### YOUR INSTRUCTIONS
Tell how many lines in the data below contain "Stock", using one number as the whole reply.

(Scraped caption text data)
════════

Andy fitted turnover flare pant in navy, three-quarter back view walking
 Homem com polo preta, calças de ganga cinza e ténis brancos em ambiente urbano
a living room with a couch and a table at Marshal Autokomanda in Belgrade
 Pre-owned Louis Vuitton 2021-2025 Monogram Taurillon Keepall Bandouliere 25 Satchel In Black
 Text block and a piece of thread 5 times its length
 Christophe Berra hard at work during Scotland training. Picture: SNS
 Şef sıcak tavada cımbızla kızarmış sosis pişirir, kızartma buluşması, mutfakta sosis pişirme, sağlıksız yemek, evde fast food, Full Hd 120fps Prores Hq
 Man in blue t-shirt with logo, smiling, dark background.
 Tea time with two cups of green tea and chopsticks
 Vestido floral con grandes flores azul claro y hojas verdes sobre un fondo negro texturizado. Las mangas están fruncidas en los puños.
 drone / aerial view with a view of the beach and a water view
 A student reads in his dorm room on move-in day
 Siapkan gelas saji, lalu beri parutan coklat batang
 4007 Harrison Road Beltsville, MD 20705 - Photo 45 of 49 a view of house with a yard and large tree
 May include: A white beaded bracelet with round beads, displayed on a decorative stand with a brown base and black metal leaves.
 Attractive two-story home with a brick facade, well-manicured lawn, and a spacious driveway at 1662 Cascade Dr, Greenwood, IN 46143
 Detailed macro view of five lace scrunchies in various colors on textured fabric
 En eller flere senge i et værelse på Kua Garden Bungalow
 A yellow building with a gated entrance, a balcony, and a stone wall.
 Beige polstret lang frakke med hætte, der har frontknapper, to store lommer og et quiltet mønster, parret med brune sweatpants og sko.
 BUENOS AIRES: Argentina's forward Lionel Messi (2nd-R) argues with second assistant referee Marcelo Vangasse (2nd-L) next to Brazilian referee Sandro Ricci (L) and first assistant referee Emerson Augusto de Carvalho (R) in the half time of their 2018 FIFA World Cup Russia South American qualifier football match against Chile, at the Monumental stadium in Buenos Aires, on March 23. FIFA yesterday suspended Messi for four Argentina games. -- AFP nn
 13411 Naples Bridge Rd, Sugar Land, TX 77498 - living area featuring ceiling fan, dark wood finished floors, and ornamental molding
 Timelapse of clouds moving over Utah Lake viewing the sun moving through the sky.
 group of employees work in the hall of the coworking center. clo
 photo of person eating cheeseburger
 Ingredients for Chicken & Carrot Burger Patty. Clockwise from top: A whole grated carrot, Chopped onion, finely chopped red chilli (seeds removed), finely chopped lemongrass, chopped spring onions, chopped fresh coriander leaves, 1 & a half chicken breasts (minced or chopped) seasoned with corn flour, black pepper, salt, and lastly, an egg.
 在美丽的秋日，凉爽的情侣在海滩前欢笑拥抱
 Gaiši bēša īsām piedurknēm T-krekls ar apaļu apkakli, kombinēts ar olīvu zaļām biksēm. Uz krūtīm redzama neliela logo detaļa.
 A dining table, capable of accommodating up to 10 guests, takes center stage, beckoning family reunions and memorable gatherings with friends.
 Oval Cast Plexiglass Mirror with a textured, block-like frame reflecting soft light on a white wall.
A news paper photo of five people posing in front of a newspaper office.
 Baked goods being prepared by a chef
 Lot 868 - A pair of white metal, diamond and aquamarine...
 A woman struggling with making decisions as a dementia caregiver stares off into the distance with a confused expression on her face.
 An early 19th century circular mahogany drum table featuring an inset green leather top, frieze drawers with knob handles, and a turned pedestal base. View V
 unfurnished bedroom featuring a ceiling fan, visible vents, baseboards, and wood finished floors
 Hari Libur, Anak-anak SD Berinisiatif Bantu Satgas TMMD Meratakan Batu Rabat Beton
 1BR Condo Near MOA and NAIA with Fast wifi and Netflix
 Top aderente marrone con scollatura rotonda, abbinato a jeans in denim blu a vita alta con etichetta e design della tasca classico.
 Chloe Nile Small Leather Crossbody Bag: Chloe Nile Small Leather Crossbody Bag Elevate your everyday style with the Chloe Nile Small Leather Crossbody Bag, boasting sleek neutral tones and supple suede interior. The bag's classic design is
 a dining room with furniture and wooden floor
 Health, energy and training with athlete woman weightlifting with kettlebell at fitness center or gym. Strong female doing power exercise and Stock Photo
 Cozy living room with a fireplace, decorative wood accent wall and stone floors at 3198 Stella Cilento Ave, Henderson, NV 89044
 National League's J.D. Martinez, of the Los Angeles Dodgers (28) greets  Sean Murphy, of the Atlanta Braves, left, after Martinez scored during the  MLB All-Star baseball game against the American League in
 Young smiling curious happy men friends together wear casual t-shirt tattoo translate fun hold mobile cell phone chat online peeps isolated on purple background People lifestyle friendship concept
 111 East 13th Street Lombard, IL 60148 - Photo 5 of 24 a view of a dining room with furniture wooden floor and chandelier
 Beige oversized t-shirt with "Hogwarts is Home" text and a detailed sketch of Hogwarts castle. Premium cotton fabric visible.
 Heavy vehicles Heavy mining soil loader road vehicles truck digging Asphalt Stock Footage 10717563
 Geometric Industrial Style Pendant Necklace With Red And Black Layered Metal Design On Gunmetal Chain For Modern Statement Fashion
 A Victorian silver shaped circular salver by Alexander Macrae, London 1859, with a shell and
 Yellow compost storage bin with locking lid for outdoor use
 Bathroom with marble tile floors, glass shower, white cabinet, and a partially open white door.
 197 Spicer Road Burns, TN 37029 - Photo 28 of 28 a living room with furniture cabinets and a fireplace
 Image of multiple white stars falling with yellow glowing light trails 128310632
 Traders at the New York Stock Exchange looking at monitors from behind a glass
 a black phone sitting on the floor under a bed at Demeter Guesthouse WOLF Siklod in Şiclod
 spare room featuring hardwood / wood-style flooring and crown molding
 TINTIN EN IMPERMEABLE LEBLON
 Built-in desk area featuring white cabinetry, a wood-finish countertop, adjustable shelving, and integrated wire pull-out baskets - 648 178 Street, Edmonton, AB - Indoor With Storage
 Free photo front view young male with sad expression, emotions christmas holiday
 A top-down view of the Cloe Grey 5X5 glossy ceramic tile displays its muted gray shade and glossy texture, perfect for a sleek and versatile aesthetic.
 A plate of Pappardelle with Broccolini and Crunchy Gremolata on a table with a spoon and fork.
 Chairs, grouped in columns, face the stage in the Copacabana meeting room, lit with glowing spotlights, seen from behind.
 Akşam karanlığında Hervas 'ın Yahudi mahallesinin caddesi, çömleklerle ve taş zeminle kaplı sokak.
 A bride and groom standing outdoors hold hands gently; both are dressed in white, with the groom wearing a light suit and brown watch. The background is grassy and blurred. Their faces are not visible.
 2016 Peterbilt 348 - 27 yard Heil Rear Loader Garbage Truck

════════

### EXERCISE SOLUTION
3